- _Problem_
From the records below, output exactly the lines starting at the line with "Songbird Studios of" and ending at the line with "8P Obedient husband with captions. For Paul", both of them included, but no pictures.

START Given data

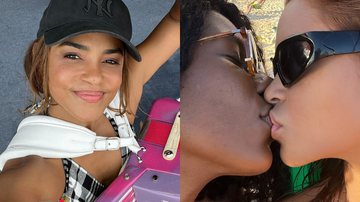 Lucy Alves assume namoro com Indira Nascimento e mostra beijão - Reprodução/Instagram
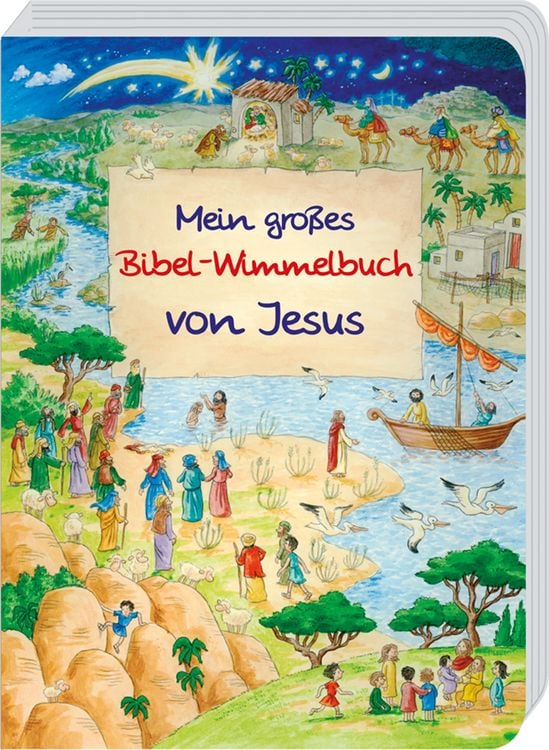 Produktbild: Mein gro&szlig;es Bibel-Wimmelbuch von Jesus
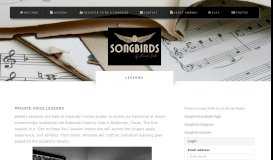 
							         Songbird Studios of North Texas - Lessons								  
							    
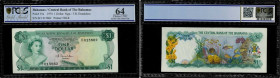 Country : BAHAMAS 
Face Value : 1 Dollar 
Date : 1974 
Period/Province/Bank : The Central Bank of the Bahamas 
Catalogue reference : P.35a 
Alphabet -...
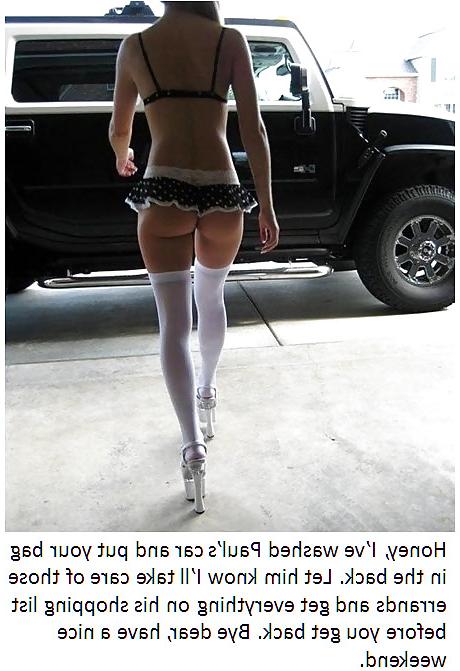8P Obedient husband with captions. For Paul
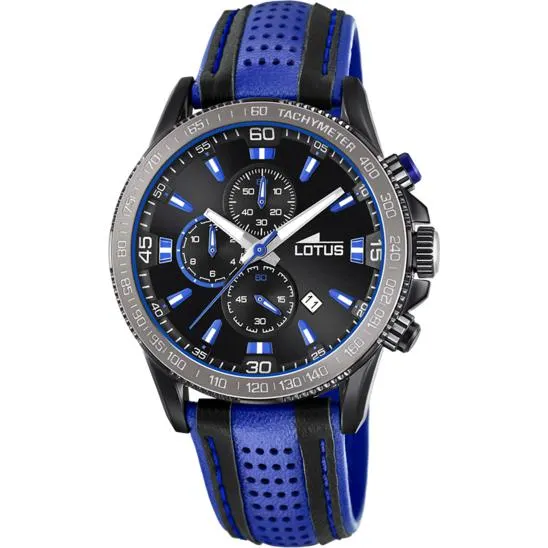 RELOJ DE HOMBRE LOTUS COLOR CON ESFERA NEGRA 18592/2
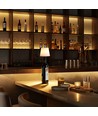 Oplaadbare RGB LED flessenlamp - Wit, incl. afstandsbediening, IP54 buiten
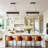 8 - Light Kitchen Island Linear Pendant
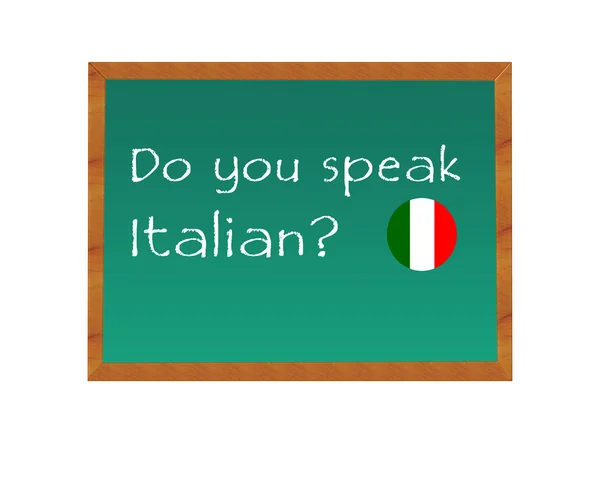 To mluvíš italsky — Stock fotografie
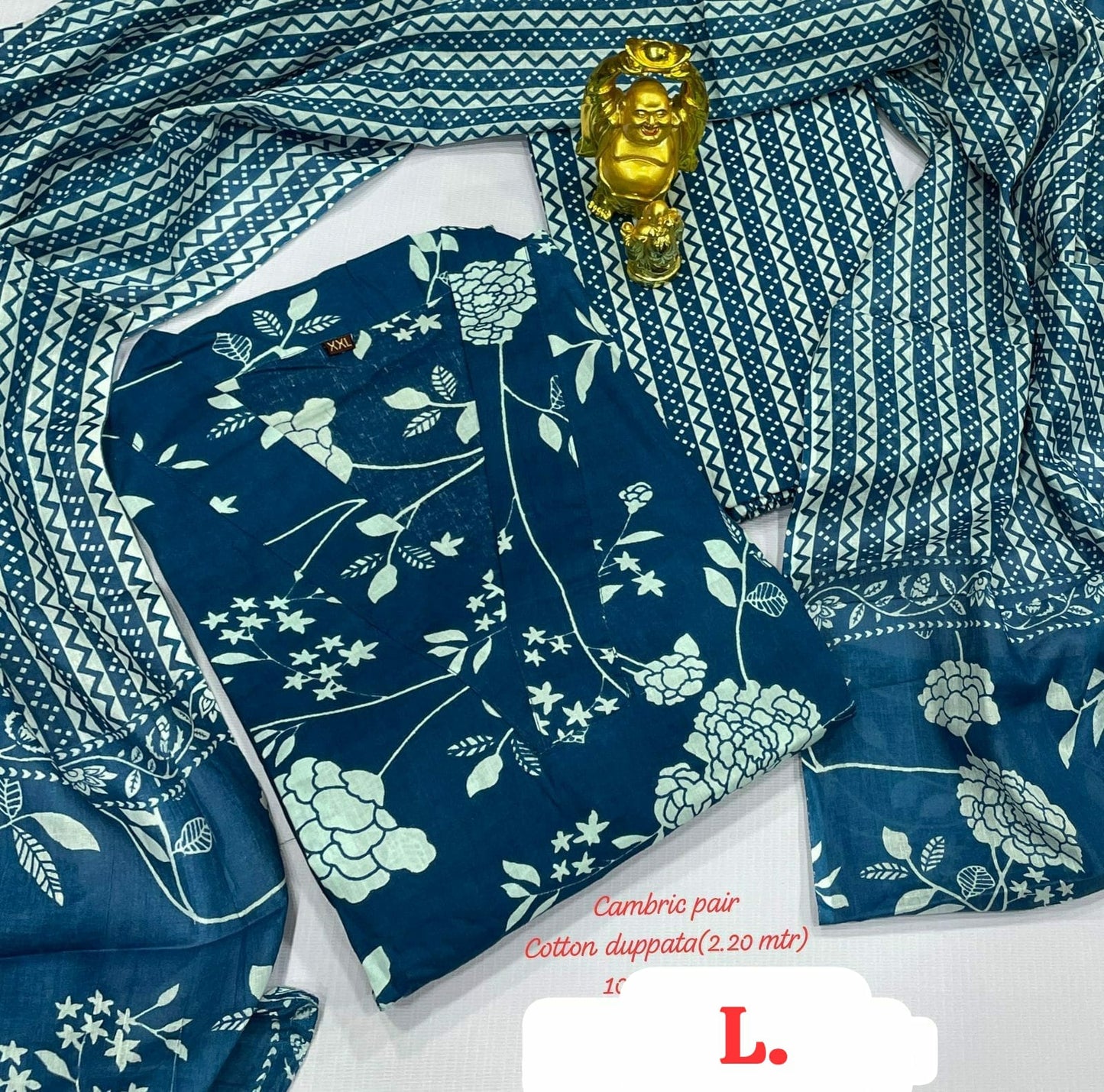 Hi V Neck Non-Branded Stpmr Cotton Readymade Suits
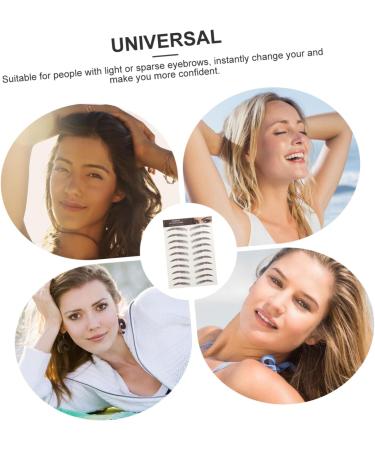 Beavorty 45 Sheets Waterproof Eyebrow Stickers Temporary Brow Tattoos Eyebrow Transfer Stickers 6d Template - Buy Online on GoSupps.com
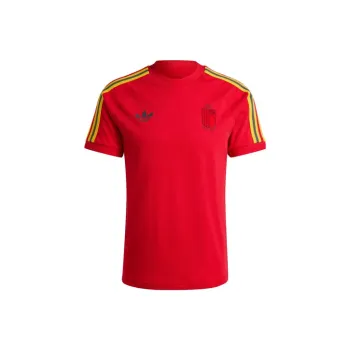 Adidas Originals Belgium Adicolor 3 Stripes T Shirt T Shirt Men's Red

END Given data
START Given data

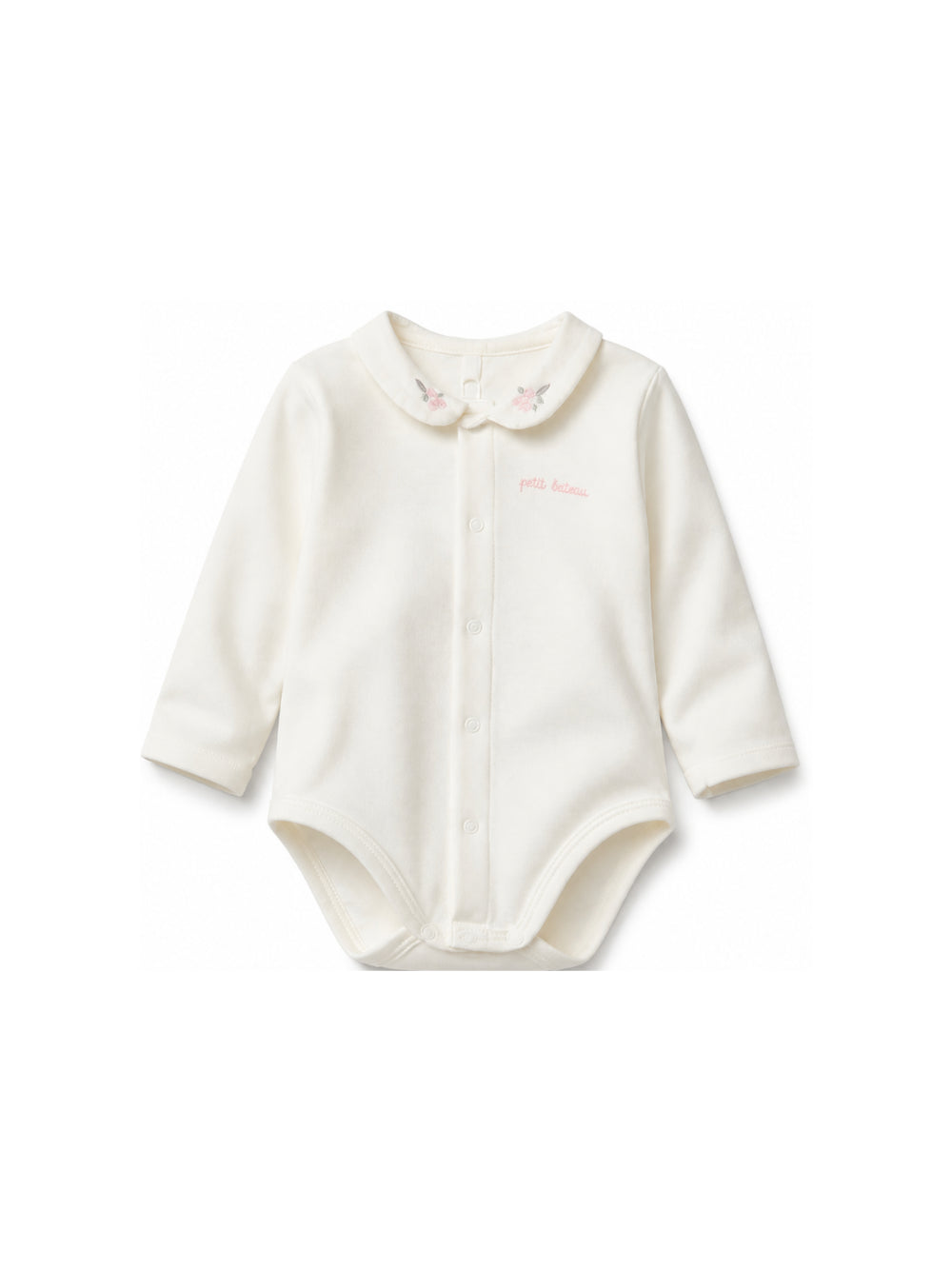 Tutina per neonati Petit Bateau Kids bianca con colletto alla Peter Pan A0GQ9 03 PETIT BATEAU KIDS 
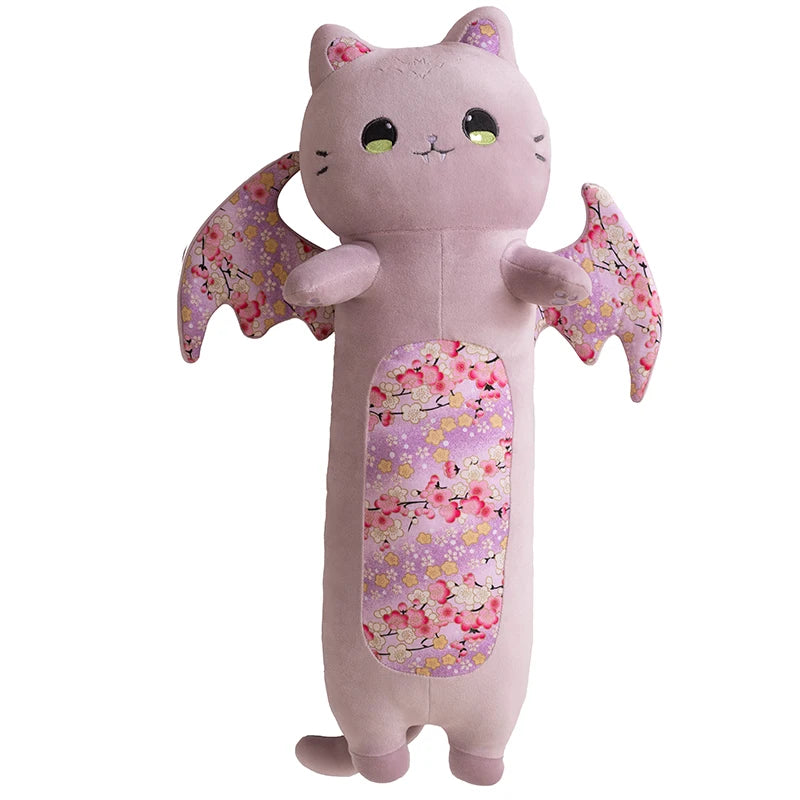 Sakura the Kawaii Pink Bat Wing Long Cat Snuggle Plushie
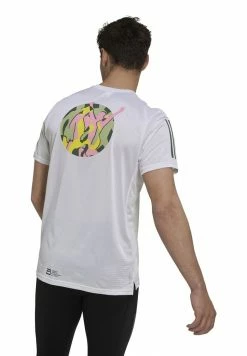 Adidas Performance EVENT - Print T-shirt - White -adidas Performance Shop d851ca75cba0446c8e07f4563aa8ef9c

END Given data

- _Reply_
							         Songbird Studios of North Texas - Lessons								  
							    
 Country : BAHAMAS 
Face Value : 1 Dollar 
Date : 1974 
Period/Province/Bank : The Central Bank of the Bahamas 
Catalogue reference : P.35a 
Alphabet -...
8P Obedient husband with captions. For Paul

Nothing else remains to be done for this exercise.